A defesa da Vale também contestou o valor da condenação. Na sentença de 7 de junho, a juíza Viviane Célia determinou que o cálculo de custas judiciais (valores recolhidos pelos condenados ao Judiciário) fosse feito sobre R$ 150 milhões. “Se de acordo com o autor há 131 substituídos (familiares que representam os trabalhadores mortos) e se cada vítima fatal teria direito a indenização de R$ 1 milhão, o valor da condenação jamais poderia ser superior a R$ 131 milhões”, diz a defesa da Vale.

“Ainda que mantido o absurdo importe de R$ 1 milhão por vítima, o valor da condenação há de ser reduzido para, no mínimo, R$ 120 milhões. A manutenção do injustificado valor causa grave prejuízo à ré”, afirma a mineradora.

Há duas semanas, entidades internacionais ligadas à defesa dos direitos humanos e de trabalhadores enviaram cartas à Vale pedindo que a empresa reconheça e pague, sem resistência, a indenização determinada pela Justiça do Trabalho.

Lama deixou rastro de destruição em janeiro de 2019 – Fotos Corpo de Bombeiros de MG

Assembleia aprova transferência direta de recursos

A Assembleia Legislativa de Minas Gerais aprovou na manhã de hoje, por 70 votos a 3, a proposta de emenda à Constituição que prevê que o governo de Minas possa realizar transferência especial para repassar R$ 1,5 bilhão do acordo com a Vale para os municípios mineiros. Houve um voto em branco, do deputado Virgílio Guimarães (PT).

A PEC foi aprovada em primeiro turno. Pelo regimento interno da Casa, são necessários pelo menos três dias de intervalo para que a proposta possa ser analisada novamente em plenário, desta vez de forma definitiva. Isso significa que o texto será analisado em segundo turno a partir de segunda-feira.
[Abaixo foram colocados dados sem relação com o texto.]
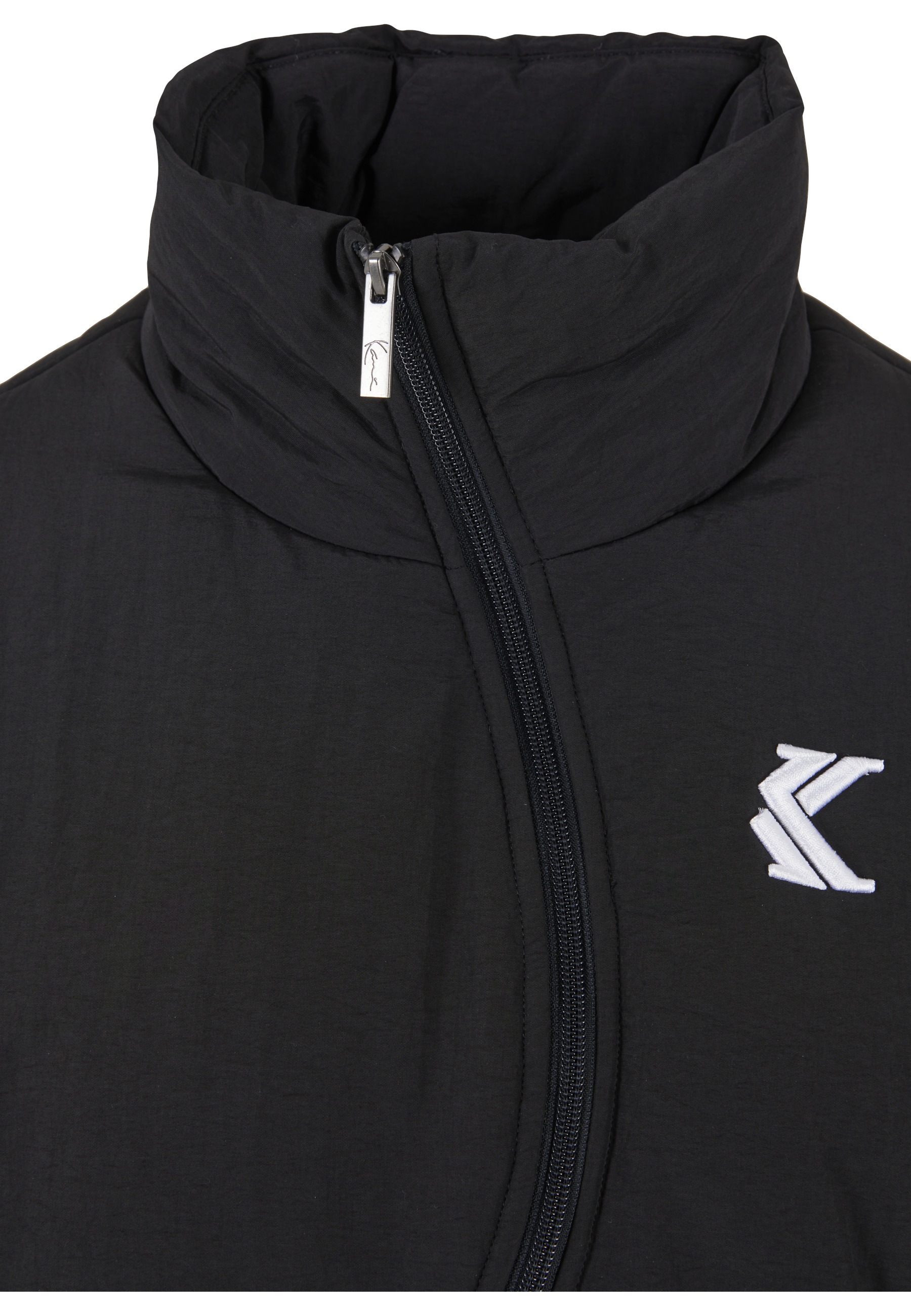 Karl Kani Winterjacke »Karl Kani Damen KW233-051-3 KK OG Wavy Puffer Jacket« 1 Stk. tlg. ohne Kapuze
Por tratar-se de uma emenda à Constituição, não é necessária a sanção do governador Romeu Zema (Novo). O presidente da ALMG, Agostinho Patrus (PV), tem a prerrogativa de promulgar a PEC.

A proposta inclui na Constituição Estadual a autorização para se gastar, por meio de transferência especial, os recursos extraordinários que entrarem nos cofres estaduais e que superarem 1% da Receita Corrente Líquida.

O acordo do governo de Minas com a Vale como reparação pelo rompimento da barragem em Brumadinho atende este critério. Pelo acordo, a mineradora vai executar R$ 26 bilhões em ações e obras e outros R$ 11 bilhões serão repassados aos cofres estaduais para o Executivo realizar suas intervenções. Deste valor, até agora R$ 1,1 bilhão já foi depositado na conta do Estado.